I'm sure they would have made it as slim as the battery and circuitry technology allowed them to do so at that time.

If you think they made it bulky by choice, and then Apple came in and "innovated" by making their own pad thinner, I don't know what to tell you.


If you don't think Apple innovates on 'thin' designs, I don't know what to tell you. And if a tablet came out that looked like the iPad before the iPad, I don't think we would see the iPad as it is today, and everyone would be copying what ever design Apple did do.


They are welcome to get a regular patent covering their new approaches to implementing thin hardware (e.g. new battery technology or whatever).
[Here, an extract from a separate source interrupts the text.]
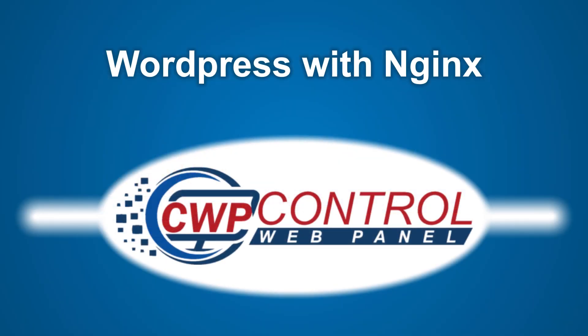Hello, welcome to the CWP tutorial. In this video, we'll be taking a look at how to run WordPress with Nginx PHP FPM.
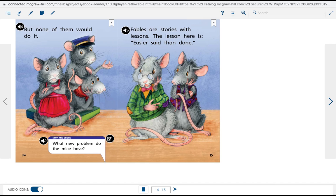Fables are stories with lessons. The lesson here is easier said than done.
Getting on a monopoly on (or due to) the design trait "thin", however, is not acceptable, even if it were the case that Apple came up with the idea of thin devices, which is obviously not so.


I already said it was the overall design aesthetic, not one simple element, but that it's obvious that Apple is a leading innovator in the space of thin industrial design. iPhone, iPod, iMac, the Air, are all some of the thinest in class. Plus you can see how even the CrunchPad/JooJoo changed it's design aesthetic to match that of the iPad after the iPad was publicly announced.
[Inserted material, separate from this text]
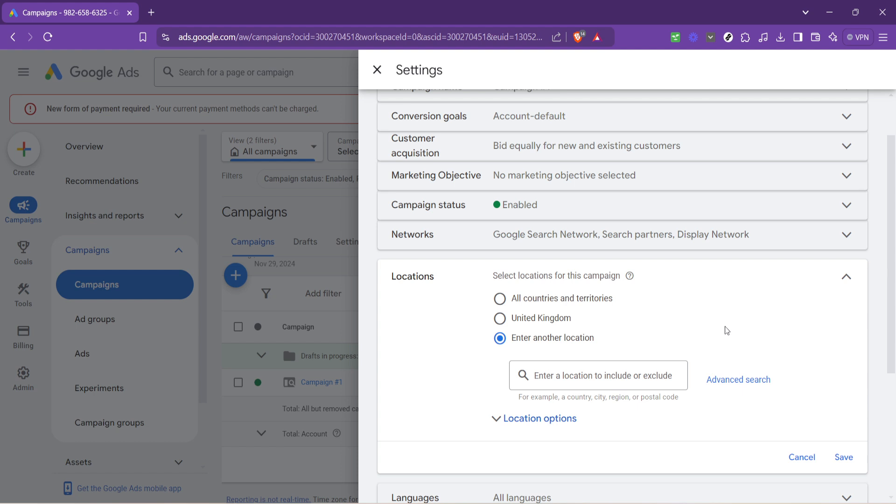Lastly, don't forget to click save. Without this, all the changes you've made won't be applied. This final step ensures your location settings are updated to reflect your new preferences.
And where/when did monopoly come up in this conversation? To my knowledge patents do not enable a company to a monopoly.


>And where/when did monopoly come up in this conversation? To my knowledge patents do not enable a company to a monopoly.

That's exactly what a patent IS. A temporary monopoly, granted by the government.


Thin is not a patentable idea. If Apple's thinness innovations are truly patentable, then they should get a patent for the specific technologies they've invented and not a design patent for the idea of making something thin. People have wanted thinner computers forever.

Also, the article shows a tablet that came out before the iPad looking at lesst as much like the iPad as the Galaxy Tab.



Thanks, I know what a design patent is. (Not sure why you think patent discussion about icon design is relevant to thinness, though.) Thinness is not still not patentable. That's an integral element. Saying that "thin" is patentable is like saying "has a screen" is patentable. Apple's case hinges on the idea that they can own the very idea of a tablet that doesn't suck.

And seriously, this doesn't look like the iPad, at least to the same extent that the Galaxy Tab does? Come on.

https://img.skitch.com/20111209-miewsiy6mswhbbnid2ddfmmqbd.j...


It's a bit hard to copy rumors isn't it?